**Material provided**
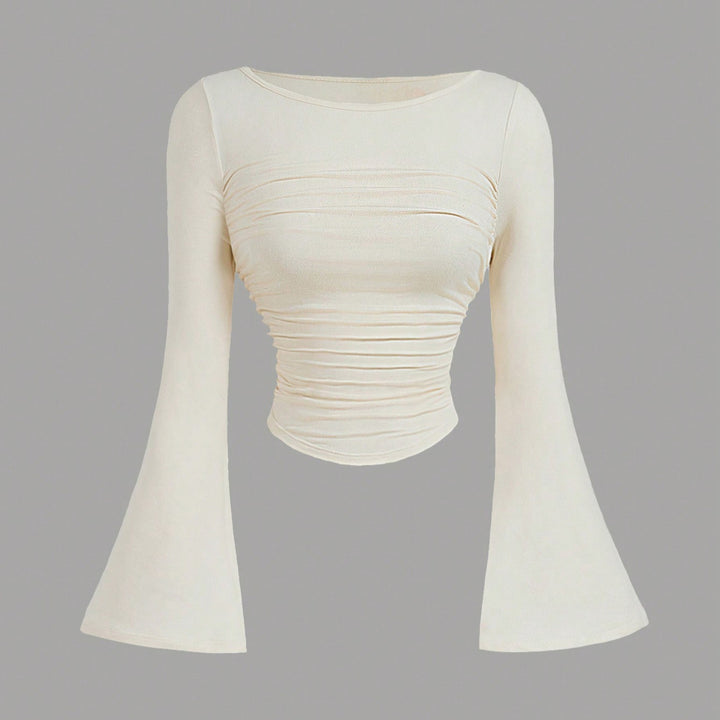 Damen Figurbetontes Langarmshirt mit Carmenausschnitt, gerafftem Rumpf und Trompetenärmeln – Avérine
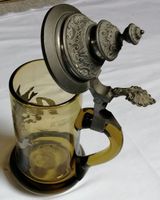 Bierkrug um 1900, vorderseitig mit Emaille-Farben handbemalt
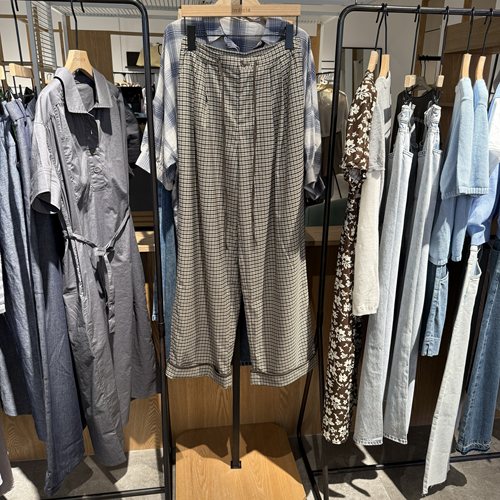 indiciaF2C5KZ373C专柜正品标记女装格纹卡其休闲长裤吊牌价639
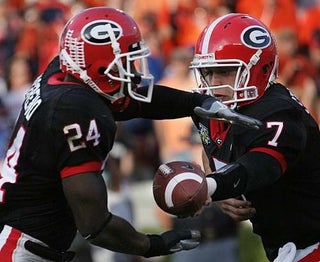 Georgia Football Players Celebrate Number 1 Ranking With Bar Brawl; Public Urination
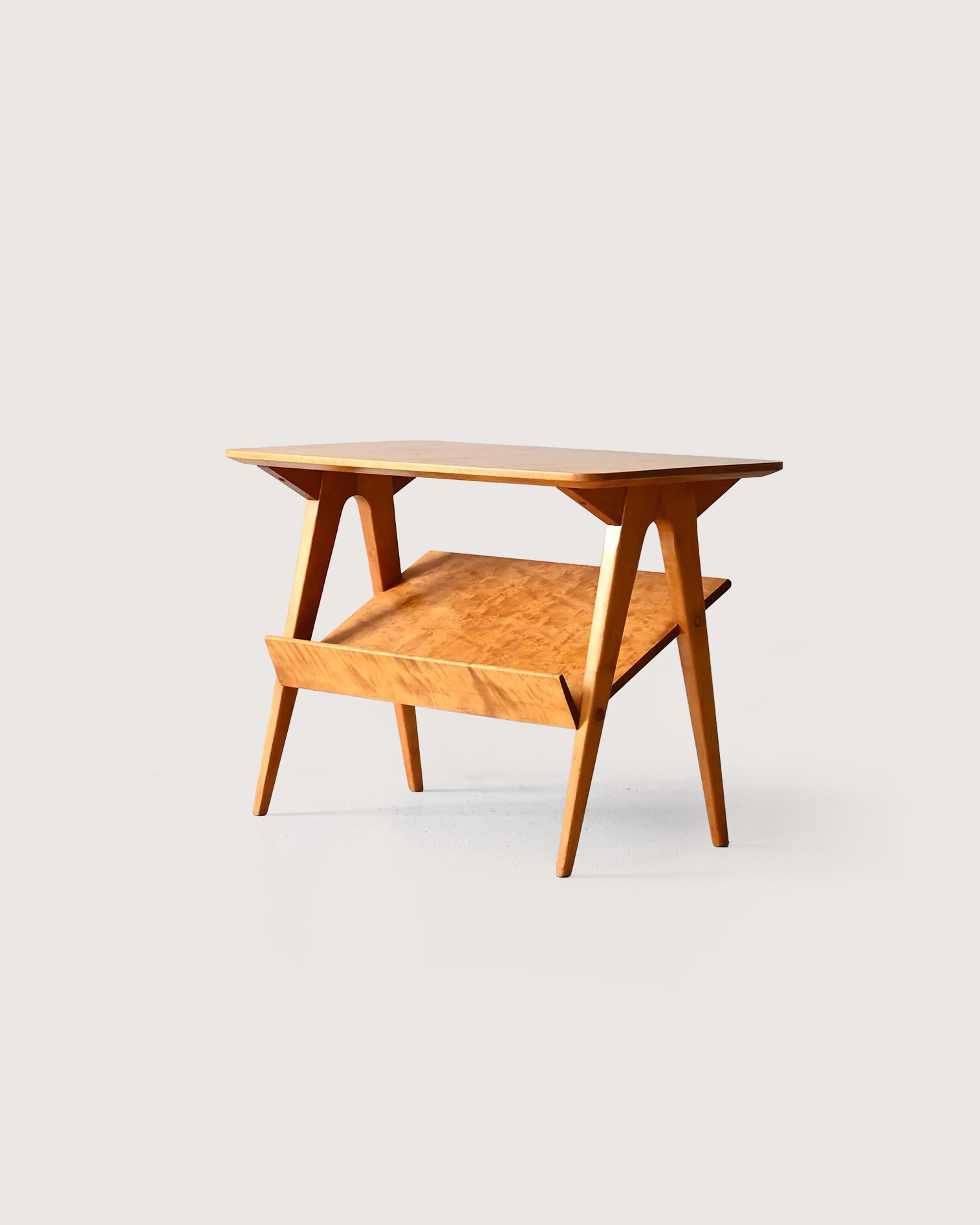 Tavolino scandinavo vintage con espositore in betulla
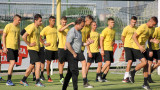  Желко Петрович дефинира група от 18 футболисти за идното дерби с Левски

**Exercise objective**
All that the answer may contain is the exact text of the lines from the one with "indiciaF2C5KZ373C专柜正品标记女装格纹卡其休闲长裤吊牌价639" through the last line of the material, pictures excluded.

**Expected answer**
 indiciaF2C5KZ373C专柜正品标记女装格纹卡其休闲长裤吊牌价639
 Georgia Football Players Celebrate Number 1 Ranking With Bar Brawl; Public Urination
 Tavolino scandinavo vintage con espositore in betulla
  Желко Петрович дефинира група от 18 футболисти за идното дерби с Левски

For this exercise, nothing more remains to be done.